Winner of the New Statesman SPERI Prize in Political Economy 2016


Wednesday 7 March 2012

What have microfoundations ever done for us?

For those who do not know the reference, which I think is apposite, see here.

In my previous post on microfoundations I said I disagreed with Paul Krugman’s statement that “So as I see it, the whole microfoundations crusade is based on one predictive success some 35 years ago; there have been no significant payoffs since”. I should say why I disagree. Robert Waldmann has also challenged me along similar lines.
I think the two most important microfoundation led innovations in macro have been intertemporal consumption and rational expectations. I have already talked about the former in an earlier post, which focused on a UK specific puzzle in the late 1980s that I find difficult to address without an intertemporal consumption perspective. However I also think too strong an attachment to a very basic intertemporal view has blinded macro to some critical events in the last decade or so. (See John Muellbauer here, for example.) So let me focus on rational expectations. Again I could look at the UK in 1980/81 and talk about Dornbusch overshooting, but let me try and be less parochial.
Between the rapid inflation of the 1970s and the Great Recession, what events might we look to for rational expectations to help explain? It is not an easy question, because the adoption of rational expectations was not the result of some previous empirical failure. Instead it represented, as Lucas said, a consistency axiom. However between the 1970s and the Great Recession what needs explaining is why nothing very dramatic happened – the Great Moderation. In particular, why did the large rise in oil and other commodity prices around 2005 not lead to the kind of stagflation we saw in the mid-70s and early 80s?
I think an important part of the answer was implicit or explicit inflation targeting by independent central banks. That, in turn, reflected an understanding of the importance of rational expectations. If a central bank had a clear inflation objective, and established a reputation in achieving it, that would anchor expectations and reduce the impact of shocks on the macroeconomy.
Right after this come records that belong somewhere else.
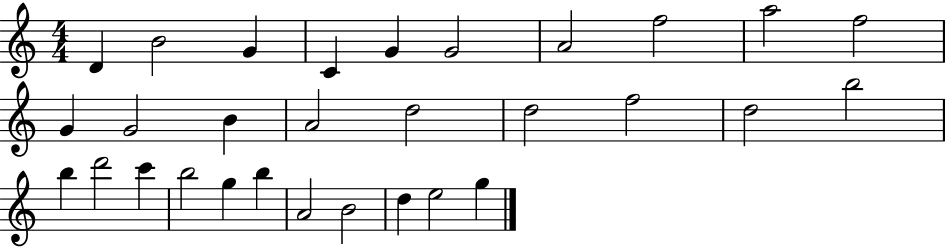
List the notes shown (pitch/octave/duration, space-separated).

D4/q B4/h G4/q C4/q G4/q G4/h A4/h F5/h A5/h F5/h G4/q G4/h B4/q A4/h D5/h D5/h F5/h D5/h B5/h B5/q D6/h C6/q B5/h G5/q B5/q A4/h B4/h D5/q E5/h G5/q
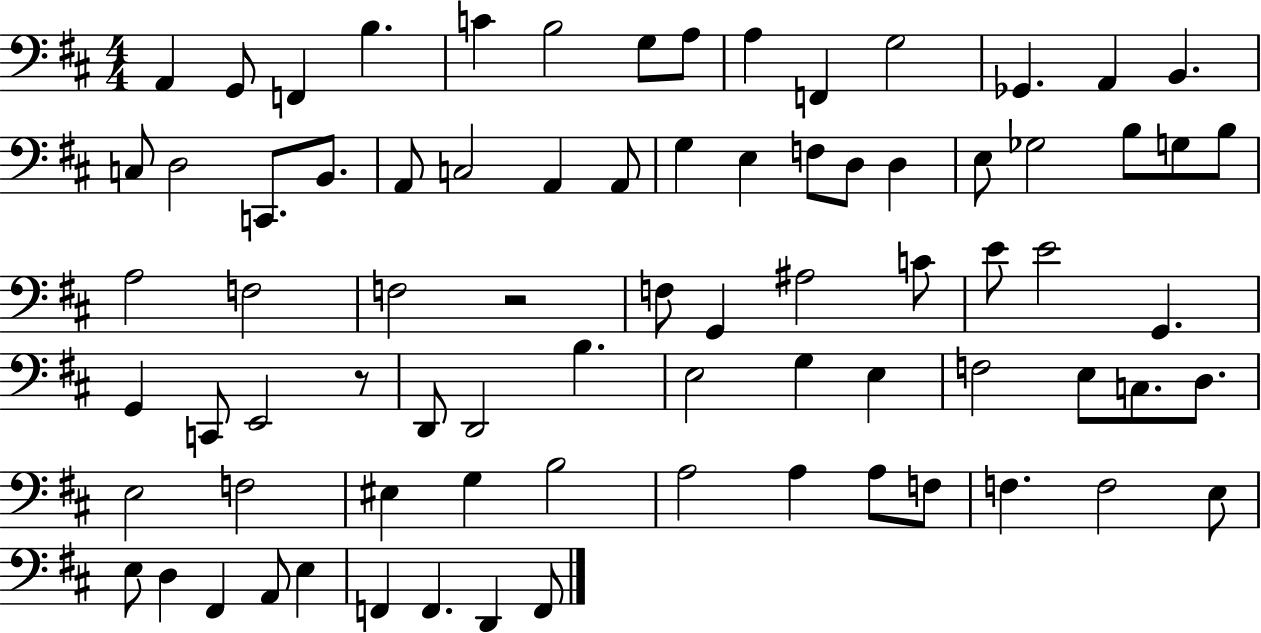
X:1
T:Untitled
M:4/4
L:1/4
K:D
A,, G,,/2 F,, B, C B,2 G,/2 A,/2 A, F,, G,2 _G,, A,, B,, C,/2 D,2 C,,/2 B,,/2 A,,/2 C,2 A,, A,,/2 G, E, F,/2 D,/2 D, E,/2 _G,2 B,/2 G,/2 B,/2 A,2 F,2 F,2 z2 F,/2 G,, ^A,2 C/2 E/2 E2 G,, G,, C,,/2 E,,2 z/2 D,,/2 D,,2 B, E,2 G, E, F,2 E,/2 C,/2 D,/2 E,2 F,2 ^E, G, B,2 A,2 A, A,/2 F,/2 F, F,2 E,/2 E,/2 D, ^F,, A,,/2 E, F,, F,, D,, F,,/2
Just as the Friedman’s expectations augmented, accelerationist Phillips curve helped us understand what went wrong in the 1970s, so the New Keynesian Phillips curve led to better policy around the turn of the century.
Now virtually any empirical claim in macro is contestable. (Indeed, for some this is part of the attraction of the microfoundations approach!) There are other explanations of the weak response to oil price increases, although Blanchard and Gali (2007) do argue that the Great Moderation played an important role. Others might suggest that the Great Recession itself proved that the Great Moderation was an illusion. In a crude sense this does not follow. The Great Moderation was all about the stabilising role that monetary policy can play, and that should always (given Japan) have been conditional on not hitting the zero lower bound. A more challenging argument is that the Great Moderation prepared the ground for the financial crisis, but even if this is correct it does not follow that inflation targeting was not an improvement on what went before – we may just need to do better still. Indeed, if as a result of the Great Recession inflation targets are replaced by price level or nominal GDP targets, I believe rational expectations will be central in making that case.
I think macroeconomics today is much better than it was 40 years ago as a result of the microfoundations approach. I also argued in my previous post that a microfoundations purist position – that this is the only valid way to do macro – is a mistake. The interesting questions are in between. Can the microfoundations approach embrace all kinds of heterogeneity, or will such models lose their attractiveness in their complexity? Does sticking with simple, representative agent macro impart some kind of bias? Does a microfoundations approach discourage investigation of the more ‘difficult’ but more important issues? Might both these questions suggest a link between too simple a micro based view and a failure to understand what was going on before the financial crash? Are alternatives to microfoundations modelling methodologically coherent? Is empirical evidence ever going to be strong and clear enough to trump internal consistency? These are difficult and often quite subtle questions that any simplistic for and against microfoundations debate will just obscure. 

9 comments:

  1. I'd argue that there are two other, more convincing reasons for the oil price shocks to not have had as big of an effect as the 70's:

    Our cars are more fuel efficient, so relatively the price of transportation has not gone up the same way it did in the 70's.

    The rise of GPS also leads to more efficient traveling.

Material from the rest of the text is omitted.